Cons of refinancing: It may not break even. The savings may not be worth it. It could reduce the equity in your home. Your lender may disqualify you from refinancing your mortgage if you have too much debt. As such, your debt-to-income ratio must meet your lender's thresholds for you to qualify.
Having a low credit score can also prevent your application from being approved. The main benefits of refinancing your home are saving money on interest and having the opportunity to change the terms of the loan. The drawbacks include the closing costs you'll have to pay and the possibility of limited savings if you apply for a larger loan or choose a longer term. The main disadvantage of refinancing is that it costs money.
What you're doing is applying for a new mortgage to pay off your old one, so you'll have to pay most of the same closing costs you had when you first bought the home, including origination charges, title insurance, application fees, and closing charges. Getting quotes from at least three mortgage lenders can help you maximize your savings when refinancing a mortgage. Consider the long-term cost of refinancing if most of the payment you've made on your 30-year mortgage covers interests. Refinancing a mortgage usually takes as long as buying a home, with an average of 30 to 45 days.

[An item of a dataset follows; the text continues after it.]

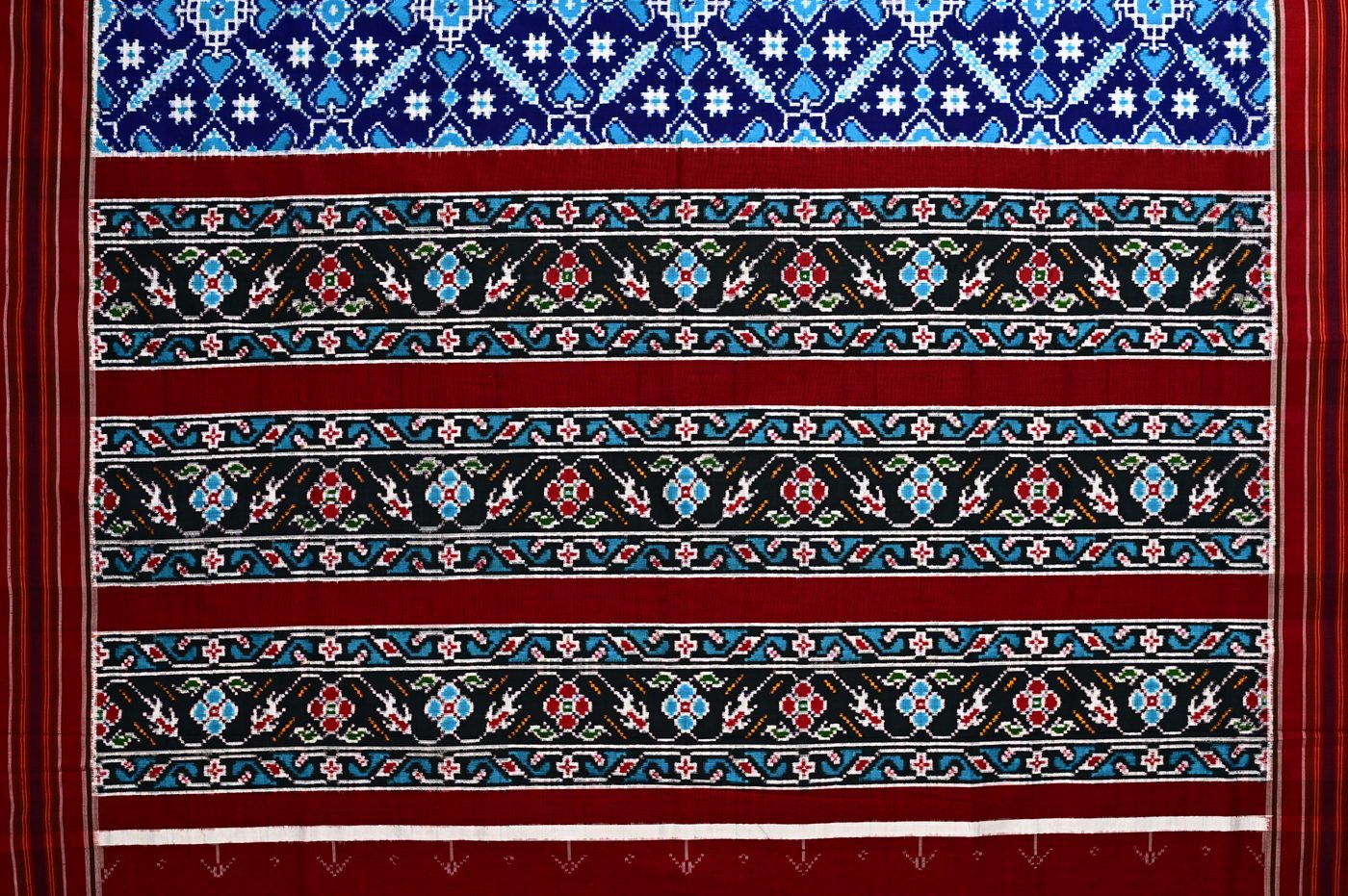 Patan Patola № 02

Refinancing is a process that may seem intimidating to some people, but it doesn't have to be; in any case, it's easier than applying for the original mortgage with which you bought the home. When mortgage rates fall, borrowers are sometimes tempted to seek lower and lower rates, refinancing each time rates fall by a quarter or half a percentage point. Refinancing your 30-year mortgage would lower your monthly payment, but the long-term cost could eliminate any savings that you hope to achieve. Here's how refinancing a mortgage works, the common options available, and the advantages and disadvantages to consider.
Keep in mind that these are for situations where you refinance to lower the mortgage rate. In these situations, refinancing with cash disbursement or refinancing may have advantages to extend your term and reduce your payments. This is because refinancing a mortgage can take a long time, be expensive to close, and cause the lender to lower your credit rating. If your new mortgage rate is only half a percentage point lower than the old one, it could take 7 to 10 years to recover the costs of the refinancing.
Refinancing a short-term mortgage could increase your monthly payments and make it unaffordable for you. By comparing the repayment schedule of your current mortgage with the repayment schedule of the new mortgage, you can see the effect a refinance will have on your net worth. While refinancing a mortgage with a lower interest rate can save you money every month, be sure to consider the total cost of the loan. You can save money by refinancing for a shorter loan term or get a lower monthly payment by refinancing for a longer loan term.